The Abana River, which is now known as the Barada, rises among the Lebanons. The main source is Fijeh, about a day's ride to the southwest of Damascus. It enters the plain of Damascus through a deep ravine about one mile to the west of the outskirts of the city itself. The Pharpar River, which was called "one of the rivers of Damascus," does not enter the city at all. The life in the gardens, the beauty of the trees, the charm of the flowers, the green grass, the rich fruits, which distinguish the city of Damascus, it owes to the waters of Abana. This river is divided into numberless channels and is distributed throughout Damascus and the region immediately about it. In almost every house there is a fountain, and one can stand still almost anywhere and listen to the murmur of the hidden streams that pass under and through the city. (Source: Earthly Footsteps of the Man of Galilee, p. 274.)
Source: Picturesque Palestine, vol. 2, p. 160.
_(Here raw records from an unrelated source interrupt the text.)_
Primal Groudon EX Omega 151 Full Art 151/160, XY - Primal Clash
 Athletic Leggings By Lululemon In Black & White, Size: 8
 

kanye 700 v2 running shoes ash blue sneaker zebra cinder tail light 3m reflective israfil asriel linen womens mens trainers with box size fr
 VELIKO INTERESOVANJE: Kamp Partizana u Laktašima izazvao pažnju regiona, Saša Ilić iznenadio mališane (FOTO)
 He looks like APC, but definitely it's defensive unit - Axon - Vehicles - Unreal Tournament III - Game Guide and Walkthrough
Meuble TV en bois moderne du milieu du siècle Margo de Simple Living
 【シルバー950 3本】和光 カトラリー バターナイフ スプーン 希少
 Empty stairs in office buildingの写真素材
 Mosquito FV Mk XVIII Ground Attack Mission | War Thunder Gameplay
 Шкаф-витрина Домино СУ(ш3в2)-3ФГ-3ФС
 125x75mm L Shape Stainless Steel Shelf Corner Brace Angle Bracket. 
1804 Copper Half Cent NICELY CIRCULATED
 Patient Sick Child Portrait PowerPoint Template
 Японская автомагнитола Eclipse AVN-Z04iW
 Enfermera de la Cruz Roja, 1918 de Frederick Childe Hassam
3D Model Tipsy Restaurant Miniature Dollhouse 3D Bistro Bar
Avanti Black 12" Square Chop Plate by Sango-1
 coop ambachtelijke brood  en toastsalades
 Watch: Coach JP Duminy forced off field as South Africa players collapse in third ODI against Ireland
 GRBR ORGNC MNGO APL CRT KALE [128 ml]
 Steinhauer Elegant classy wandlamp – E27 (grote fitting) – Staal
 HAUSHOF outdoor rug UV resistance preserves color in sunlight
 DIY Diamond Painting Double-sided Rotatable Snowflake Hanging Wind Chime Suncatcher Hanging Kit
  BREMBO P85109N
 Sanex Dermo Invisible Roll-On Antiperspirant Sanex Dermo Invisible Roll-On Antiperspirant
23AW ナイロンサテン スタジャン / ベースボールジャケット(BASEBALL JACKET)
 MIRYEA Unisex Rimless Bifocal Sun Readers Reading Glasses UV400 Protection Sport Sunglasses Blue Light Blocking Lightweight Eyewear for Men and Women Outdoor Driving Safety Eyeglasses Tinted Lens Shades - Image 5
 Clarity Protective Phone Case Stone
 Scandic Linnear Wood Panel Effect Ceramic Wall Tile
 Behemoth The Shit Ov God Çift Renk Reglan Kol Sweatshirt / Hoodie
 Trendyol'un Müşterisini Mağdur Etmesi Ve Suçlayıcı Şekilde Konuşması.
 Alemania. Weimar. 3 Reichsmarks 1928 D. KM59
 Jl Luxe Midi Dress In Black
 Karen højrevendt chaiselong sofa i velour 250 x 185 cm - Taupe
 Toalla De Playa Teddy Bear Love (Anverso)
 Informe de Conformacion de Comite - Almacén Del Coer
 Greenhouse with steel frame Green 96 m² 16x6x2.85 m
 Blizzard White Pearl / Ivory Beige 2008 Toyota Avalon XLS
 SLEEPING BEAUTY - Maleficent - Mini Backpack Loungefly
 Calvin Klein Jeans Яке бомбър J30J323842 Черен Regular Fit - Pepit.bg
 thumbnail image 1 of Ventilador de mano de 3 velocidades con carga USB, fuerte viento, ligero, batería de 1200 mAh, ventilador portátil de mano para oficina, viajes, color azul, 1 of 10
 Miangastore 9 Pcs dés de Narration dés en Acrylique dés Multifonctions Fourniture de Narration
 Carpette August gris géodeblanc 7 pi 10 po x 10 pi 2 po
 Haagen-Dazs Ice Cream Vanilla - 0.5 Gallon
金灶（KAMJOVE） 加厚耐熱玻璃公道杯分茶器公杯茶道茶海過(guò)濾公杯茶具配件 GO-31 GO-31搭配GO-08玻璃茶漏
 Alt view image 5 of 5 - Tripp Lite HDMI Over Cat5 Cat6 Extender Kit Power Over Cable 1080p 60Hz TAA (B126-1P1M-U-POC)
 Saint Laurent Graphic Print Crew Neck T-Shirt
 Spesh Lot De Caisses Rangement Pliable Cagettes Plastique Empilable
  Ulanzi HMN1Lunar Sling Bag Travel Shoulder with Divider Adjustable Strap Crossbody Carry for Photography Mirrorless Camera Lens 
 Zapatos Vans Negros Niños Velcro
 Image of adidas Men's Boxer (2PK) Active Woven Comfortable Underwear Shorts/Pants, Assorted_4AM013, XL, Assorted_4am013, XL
Bridge in the Shoemaker’s Bazaar, Damascus
Damascus was once the capital of the world from the Atlantic to the Bay of Bengal, but the vast empire went from her, and the city continued to flourish as before. It has ever been a city utterly incapable of defense. Nineveh, Babylon and Memphis entirely conquered her; she probably preceded them and she has outlived them. She has been twice supplanted by Antioch, and she has seen Antioch decay; by Bagdad, and Bagdad is forgotten. . . . As Dr. Smith has eloquently said: "Because [the Abana] river, instead of wasting her waters saves them, and instead of slowly expanding them on the doubtful possibilities of a province lavishes all her life at once on a creation of a single great city and straightway disappears on the face of the desert-- it is because of this that Damascus, so remote, and so defenseless, has endured through human history, and must endure." Thus is the river from the mountains a river of life to the city. The granite of the hills cannot comedown to make walls about the place, but the hills send down their waters and the city remains. (Source: Earthly Footsteps of the Man of Galilee, p. 280.)
Falls of the Abana, Damascus
Source: Earthly Footsteps of the Man of Galilee, p. 283.
On the 16th of May, 1894, early in the morning, the artist and one of the editors left Damascus by carriage, passed along the Beyrout road by the Abana River and reached a point about two miles from the city, where the above view was taken. . . . As Egypt is the gift of the Nile, so is Damascus the gift of the Abana. The chasm through which the river issues from the Anti-Lebanon is quite narrow. The lofty limestone cliffs on either side are jagged and precipitous. The foaming river, the waving trees, the tall poplars, the exuberant vegetation, present a view unique as it is picturesque. The stream rushes rapidly through its stony channel, and, leaping over the rocks, is torn into a snow-white sheet of water and is at once hidden among luxuriant growths of shrubs and bushes. On it rushes to the broad plain just below, and there begins that network of water-courses for which Damascus is celebrated. The desert lies like a fortification around Damascus. The river is its life. (Source: Earthly Footsteps of the Man of Galilee, p. 283.)